DeepSeek R1 ranks 9th at 50.0%—below every non-reasoning model except Mistral. The chain-of-thought overhead (high latency, massive token usage) produces worse results than direct generation for atomic command tasks. R1 overthinks simple commands, adding unnecessary flags, quoting, or rewriting the goal as a multi-step pipeline when a single command suffices.

This is consistent with the emerging pattern: reasoning models excel at complex multi-step problems but underperform on tasks where the correct answer is a single, direct action.

Speed vs Quality

Model	Rate	Avg Latency	Quality/Second
Llama 3.3 70B	63.1%	728ms	0.87
Qwen 2.5 72B	64.2%	1,102ms	0.58
GPT-4o	63.1%	1,119ms	0.56
Claude Sonnet 4.5	67.5%	1,275ms	0.53
DeepSeek R1	50.0%	1,351ms	0.37
GLM-4.7	54.5%	1,170ms	0.47
DeepSeek V3.1	65.5%	1,764ms	0.37
Claude Opus 4.6	69.0%	1,926ms	0.36
Mistral Large	49.8%	2,058ms	0.24
Gemini 2.5 Pro	62.9%	2,791ms	0.23

Llama 3.3 70B dominates the speed/quality tradeoff at 728ms average latency with 63.1% correctness. For high-volume workloads, it delivers the most correct commands per second. Qwen 2.5 72B offers slightly higher quality (64.2%) at 1.5x the latency.

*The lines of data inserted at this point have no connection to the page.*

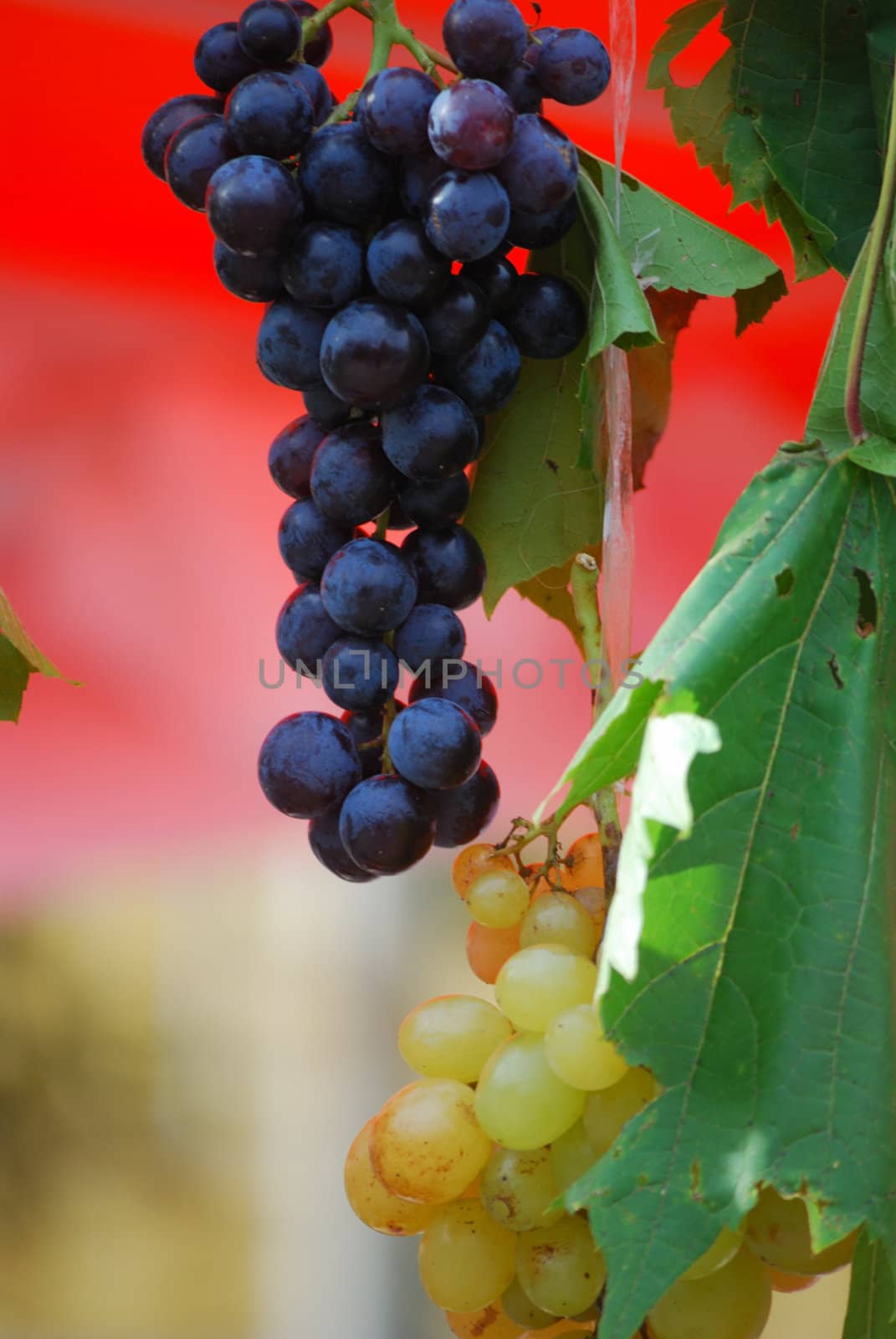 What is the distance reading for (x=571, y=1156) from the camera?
1.60 feet

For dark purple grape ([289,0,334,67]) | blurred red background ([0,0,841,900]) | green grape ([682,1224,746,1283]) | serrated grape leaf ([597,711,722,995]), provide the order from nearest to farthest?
serrated grape leaf ([597,711,722,995]) < green grape ([682,1224,746,1283]) < dark purple grape ([289,0,334,67]) < blurred red background ([0,0,841,900])

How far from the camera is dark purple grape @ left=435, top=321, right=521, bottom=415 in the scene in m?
0.52

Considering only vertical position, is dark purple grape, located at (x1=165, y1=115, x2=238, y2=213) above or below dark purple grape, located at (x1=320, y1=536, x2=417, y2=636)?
above

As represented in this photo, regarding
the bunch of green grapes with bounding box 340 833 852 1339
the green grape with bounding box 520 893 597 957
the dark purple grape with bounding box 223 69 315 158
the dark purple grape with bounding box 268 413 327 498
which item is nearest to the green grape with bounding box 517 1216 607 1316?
the bunch of green grapes with bounding box 340 833 852 1339

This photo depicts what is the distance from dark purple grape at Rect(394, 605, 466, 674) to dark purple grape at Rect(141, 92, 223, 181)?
224 mm

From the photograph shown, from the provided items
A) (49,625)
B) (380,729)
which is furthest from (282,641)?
(49,625)

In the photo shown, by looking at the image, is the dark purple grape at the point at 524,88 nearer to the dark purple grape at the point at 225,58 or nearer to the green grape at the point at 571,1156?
the dark purple grape at the point at 225,58

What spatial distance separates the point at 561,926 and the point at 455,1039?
0.07 metres

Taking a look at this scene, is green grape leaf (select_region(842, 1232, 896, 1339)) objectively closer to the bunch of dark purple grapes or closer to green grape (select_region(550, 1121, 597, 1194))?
green grape (select_region(550, 1121, 597, 1194))

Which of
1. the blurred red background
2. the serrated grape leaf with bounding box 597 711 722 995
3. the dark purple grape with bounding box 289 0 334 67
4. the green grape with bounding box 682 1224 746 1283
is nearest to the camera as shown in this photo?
the serrated grape leaf with bounding box 597 711 722 995

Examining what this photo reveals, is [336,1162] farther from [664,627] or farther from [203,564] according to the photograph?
[664,627]

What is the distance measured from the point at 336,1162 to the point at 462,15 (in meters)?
1.14

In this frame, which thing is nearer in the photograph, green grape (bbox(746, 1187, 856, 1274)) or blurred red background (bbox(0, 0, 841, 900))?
green grape (bbox(746, 1187, 856, 1274))

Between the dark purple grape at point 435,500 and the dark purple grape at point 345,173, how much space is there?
0.11 metres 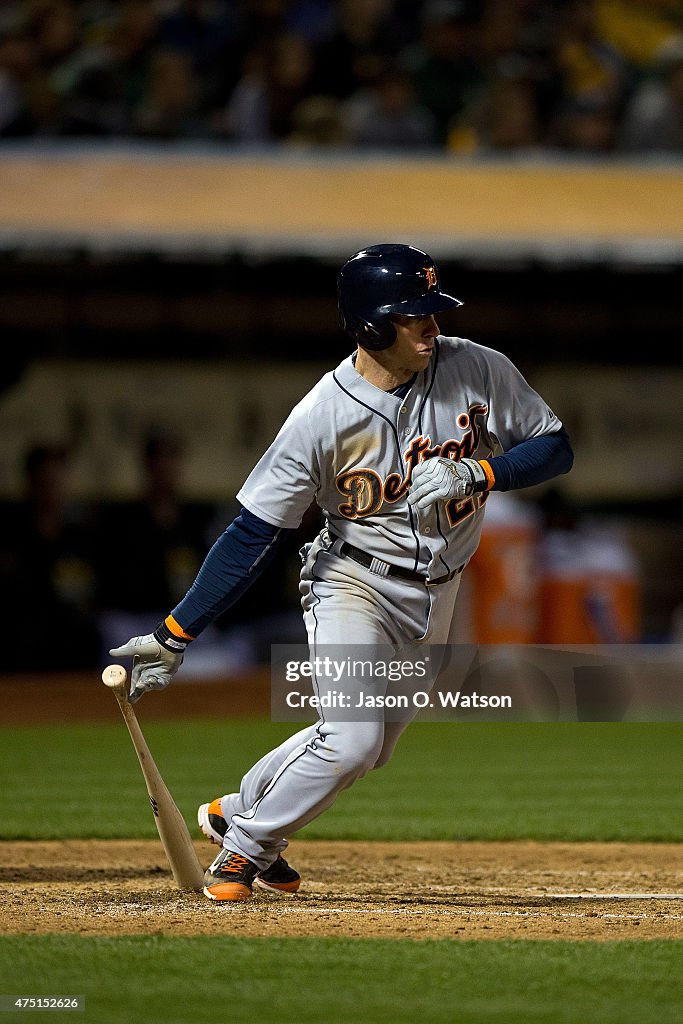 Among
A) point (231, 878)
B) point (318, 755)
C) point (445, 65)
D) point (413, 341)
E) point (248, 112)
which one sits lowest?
point (231, 878)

If quality is the only metric, Claude Opus 4.6 justifies its 1.9s latency with a 6-point lead over the next-fastest models at similar quality.

Methodology

464 operations derived from a first-principles taxonomy of bash/shell tool use: filesystem, text processing, network (mocked), process management, security, containers (mocked), version control, data transformation, archiving, system administration, and time operations.

Environment: Ubuntu 22.04 Docker container. No network access. Pre-baked fixture files (test data, git repos, mock binaries). Each test runs in a fresh container.

Generation: Each model generates commands with temperature=0 via OpenRouter. 10 concurrent requests per model. No retries on valid responses.

Validation: Four types, selected per-test based on output characteristics:

output (273 tests): Exact stdout match after stripping whitespace
regex (88 tests): Stdout matches a pattern (for nondeterministic output like timestamps, PIDs, hashes)
cmd (49 tests): A verification command runs after the test command in the same container (for artifact-producing operations like compression, file creation, permission changes)
exit_code (54 tests): Exit code matches expected value

All expected values were generated by running the canonical command in Docker and capturing the actual output. No hand-written expectations, no LLM judging.

The full benchmark code and results are available at github.com/agentiagency/tool-use-benchmark.